**What you should do:**
Return only the line containing "Champion Green Short Sleeve T-shirt  Size 2XL - Picture" and each line after it, exactly as written, through the end of the records.
Source data Block Start
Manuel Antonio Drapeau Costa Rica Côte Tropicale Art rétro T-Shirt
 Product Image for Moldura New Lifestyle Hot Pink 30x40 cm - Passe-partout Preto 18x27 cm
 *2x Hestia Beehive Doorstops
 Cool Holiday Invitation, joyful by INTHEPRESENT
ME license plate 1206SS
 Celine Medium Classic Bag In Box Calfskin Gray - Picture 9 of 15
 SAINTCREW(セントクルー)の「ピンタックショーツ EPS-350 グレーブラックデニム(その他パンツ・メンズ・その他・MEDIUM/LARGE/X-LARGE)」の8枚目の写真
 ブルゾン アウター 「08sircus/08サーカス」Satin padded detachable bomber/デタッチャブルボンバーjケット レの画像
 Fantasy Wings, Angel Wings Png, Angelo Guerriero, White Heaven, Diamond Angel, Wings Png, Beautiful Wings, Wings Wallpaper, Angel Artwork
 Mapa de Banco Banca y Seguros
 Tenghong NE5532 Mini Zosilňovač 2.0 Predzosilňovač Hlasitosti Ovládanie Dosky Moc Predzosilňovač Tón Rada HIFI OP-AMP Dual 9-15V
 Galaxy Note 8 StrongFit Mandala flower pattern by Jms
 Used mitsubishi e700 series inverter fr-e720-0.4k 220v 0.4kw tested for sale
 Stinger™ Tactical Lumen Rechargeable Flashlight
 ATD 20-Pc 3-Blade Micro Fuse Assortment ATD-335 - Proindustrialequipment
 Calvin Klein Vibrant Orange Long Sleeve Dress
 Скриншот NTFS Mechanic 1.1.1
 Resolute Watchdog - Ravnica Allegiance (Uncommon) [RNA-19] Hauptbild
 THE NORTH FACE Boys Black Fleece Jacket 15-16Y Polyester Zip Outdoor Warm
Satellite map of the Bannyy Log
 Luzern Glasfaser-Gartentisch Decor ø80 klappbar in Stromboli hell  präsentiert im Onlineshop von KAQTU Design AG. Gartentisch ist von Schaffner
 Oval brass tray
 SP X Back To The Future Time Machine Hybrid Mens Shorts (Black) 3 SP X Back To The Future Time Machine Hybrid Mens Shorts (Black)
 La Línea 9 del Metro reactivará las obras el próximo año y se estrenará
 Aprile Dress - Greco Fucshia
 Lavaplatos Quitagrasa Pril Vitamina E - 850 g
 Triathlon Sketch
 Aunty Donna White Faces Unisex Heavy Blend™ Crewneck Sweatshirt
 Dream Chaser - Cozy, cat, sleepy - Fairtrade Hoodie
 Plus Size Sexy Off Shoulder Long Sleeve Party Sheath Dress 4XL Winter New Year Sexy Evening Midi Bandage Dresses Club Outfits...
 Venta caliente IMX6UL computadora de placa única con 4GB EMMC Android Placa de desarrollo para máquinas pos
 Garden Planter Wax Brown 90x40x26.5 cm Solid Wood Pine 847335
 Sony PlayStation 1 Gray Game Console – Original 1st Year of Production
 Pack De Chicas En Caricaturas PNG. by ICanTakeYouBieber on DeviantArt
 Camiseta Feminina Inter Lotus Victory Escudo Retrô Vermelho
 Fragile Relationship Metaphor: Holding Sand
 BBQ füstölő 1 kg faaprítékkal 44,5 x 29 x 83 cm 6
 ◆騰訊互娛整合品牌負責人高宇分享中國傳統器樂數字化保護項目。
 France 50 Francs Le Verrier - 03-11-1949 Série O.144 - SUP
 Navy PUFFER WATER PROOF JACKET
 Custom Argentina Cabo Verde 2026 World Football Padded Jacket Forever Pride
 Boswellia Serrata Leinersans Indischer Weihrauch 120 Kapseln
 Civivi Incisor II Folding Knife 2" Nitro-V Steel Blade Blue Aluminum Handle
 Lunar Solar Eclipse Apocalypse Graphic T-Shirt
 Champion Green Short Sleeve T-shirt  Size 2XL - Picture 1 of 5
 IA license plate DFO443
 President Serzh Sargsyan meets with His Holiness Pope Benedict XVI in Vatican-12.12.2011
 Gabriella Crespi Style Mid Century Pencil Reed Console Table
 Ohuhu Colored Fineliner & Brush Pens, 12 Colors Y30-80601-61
Source data Block End
**Response to this exercise:**
 Champion Green Short Sleeve T-shirt  Size 2XL - Picture 1 of 5
 IA license plate DFO443
 President Serzh Sargsyan meets with His Holiness Pope Benedict XVI in Vatican-12.12.2011
 Gabriella Crespi Style Mid Century Pencil Reed Console Table
 Ohuhu Colored Fineliner & Brush Pens, 12 Colors Y30-80601-61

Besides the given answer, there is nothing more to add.